Однако мы рассуждать так можем, а вот суд так рассуждать на обсуждаемой стадии не имеет права. Он вообще не имеет права исходить только из одного возможного исхода процесса, он должен исходить из всех допустимых исходов. Иначе суд оказывается предубеждённым. Следовательно, суд должен при рассмотрении иска допускать, что исковые требования будут в части этих самых адресов удовлетворены.

Это — один из возможных исходов гражданского судебного процесса. Сколь бы глупым и нелепым не было требование истца, он имеет право его заявить так, как считает нужным, а суд обязан это требование рассматривать именно так, как оно заявлено.

Если исходить из сказанного, то ясно, что Василий, коль скоро он является «администратором», вполне может к моменту окончания процесса передать по возмездной сделке свои права кому угодно. А в этом случае исполнение одного из возможных решений суда окажется явно затруднённым. Истребовать в этом случае у добросовестного приобретателя имущество можно, но сказать, что это просто, значит сказать неправду. В любом случае тут необходимым может оказаться, по крайней мере, ещё один иск. А как раз наличие ещё одного иска для достижения результата исполнения решённого дела — классика затруднённости исполнения решения суда.

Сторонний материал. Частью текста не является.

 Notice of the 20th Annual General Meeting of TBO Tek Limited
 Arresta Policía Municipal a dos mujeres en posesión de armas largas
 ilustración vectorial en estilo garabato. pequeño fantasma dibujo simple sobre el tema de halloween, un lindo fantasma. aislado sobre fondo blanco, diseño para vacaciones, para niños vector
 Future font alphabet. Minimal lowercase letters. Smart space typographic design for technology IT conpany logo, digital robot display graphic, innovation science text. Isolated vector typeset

И эта та самая точка, в которой я резко расхожусь с суждениями названных судей и судов. Я искренне полагаю, что запрет на отчуждение, — если только именно это имелось в виду, когда говорилось об «аресте»,

(Вообще-то неверно говорить просто об аресте имущества, ибо арест есть просто целый класс мер, сводящийся к ограничению тех или иных прав. В каждом конкретном случае всё же надо конкретизировать об ограничении каких именно прав идёт речь при назывании слова «арест». Хотя бы для того, чтобы затем не пришлось бесконечно выяснять — а что именно имелось в виду)

— суд всегда должен по заявлению соответствующего субъекта накладывать, если вообще такое отчуждение может привести к неисполнению или к затруднению в исполнении хотя бы одного из допустимых судебных решений по заявленному иску. Заметим, что при этом не имеет никакого значения кто является реальным собственником такого спорного имущества, которое может оказаться отчуждённым. Критерий состоит из следующего:

  1. входит ли имущество в предмет иска?
  2. возможно ли его отчуждение до окончания производства дела по иску?
  3. может ли привести такое отчуждение, если оно реализуется, к затруднению исполнения или неисполнению хотя бы одного из возможных судебных актов по иску?

И всё.

Поэтому ссылка судов в обсуждаемом судебном акте на то, что нет доказательства собственности на предполагаемое к «аресту» имущество, совершенно ошибочна. Вопрос о том, принадлежит ли это имущество или нет Василию, вообще не может быть разрешён иначе как в решении суда, так как он является вопросом строго материальным (не в смысле материи, а в смысле того, что это входит в самый объект рассмотрения судом и цель его рассмотрения) и в определении вообще исследоваться и разрешаться не может, а, следовательно, и доказательств на этой стадии рассмотрения не требует.

И второй момент, с которым я никак не могу согласиться, заключается в том, что суды интерпретируют принятие обеспечительных мер как право судов. Причём откуда выводится, что это именно право, а не обязанность — сказать не берусь. Конечно, в самом тексте нормы нет указаний на то, что это обязанность, но нет указаний и на то, что это — право. А коль скоро это так и общей обязанностью суда является защита прав, свобод и охраняемых законом интересов, а защита эта должны быть максимально эффективной, то трудно себе представить, что принятие обеспечительных мер, входящее в комплекс такой защиты, есть именно право, а не обязанность. Попробуйте возразить, но возразить аргументированно!

Ну и напоследок я скажу, что если бы я получил заявление о принятии обеспечительных мер такое, какое описано в определении, то я бы точно отказал в его удовлетворении. Но по совершенно иному основанию.

Какому?

А именно по тому основанию, что заявитель, указав родовой признак — арест, не указал видовой — какие именно права он предлагает ограничить, дабы повысить исполнимость одного из возможных судебных решений по делу. Если исходить из текста, то истец сделал заявление, совершенно аналогичное такому: «Прошу взыскать с ответчика денег». Такое требование удовлетворить, как вы понимаете, никак нельзя из-за его полной неконкретности, а вот, кстати, принять его к производству и рассматривать суд как раз обязан.